Chapter 8. The Dilemma of Stability and Progress: Empire and Reforms in the Nineteenth Century: Part 1. Modern Empire in Search of Nation
2/2015
Project AI
History Course “A New Imperial History of Northern Eurasia”
SUMMARY:
Chapter 8 of the history course A New Imperial History of Northern Eurasia is titled “The Dilemma of Stability and Progress: Empire and Reforms in the Nineteenth Century.” By the end of the eighteenth century the Russian Empire had incorporated almost the entire loosely defined region of Northern Eurasia with its overlapping and contesting local cultures, social hierarchies, and regimes of difference. From then on, the stability of the imperial regime became conditioned by its ability to accommodate and rationalize spontaneous self-organization processes of the societies and cultures that it had incorporated. This predetermined the systematically reformist and modernizing character of the Russian Empire, regardless of the reactionary political views of some of its rulers: only constant customization of the social and political order sustained the legitimacy of the regime in the eyes of various social elites.

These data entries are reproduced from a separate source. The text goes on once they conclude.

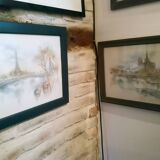 Paris watercolor print "Bernadette Voz"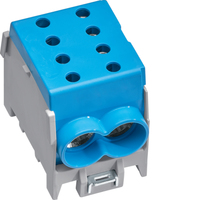 Hager Hauptleitungsabzweigklemme KH70B blau 1polig 2x70/2x50qmm Hager Hauptleitungsabzweigklemme KH70B blau 1polig 2x70/2x50qmm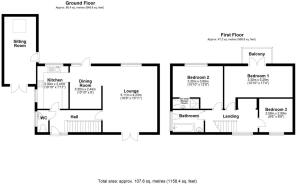 19 Heol Yr Ysgol, St. Brides Major - all floors.JP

Part 1 of the chapter, “Modern Empire in Search of Nation,” focuses on the first half of the nineteenth century and the efforts of the imperial rulers (both Alexander I and Nicholas I) to accommodate the emerging phenomenon of modern nation, in its various renderings, toward the needs of the reforming empire. Traditionally viewed as an “empire-killer,” nationalism was used purposefully from the very beginning in an attempt to design a future imperial regime – one that was more dynamic and competitive.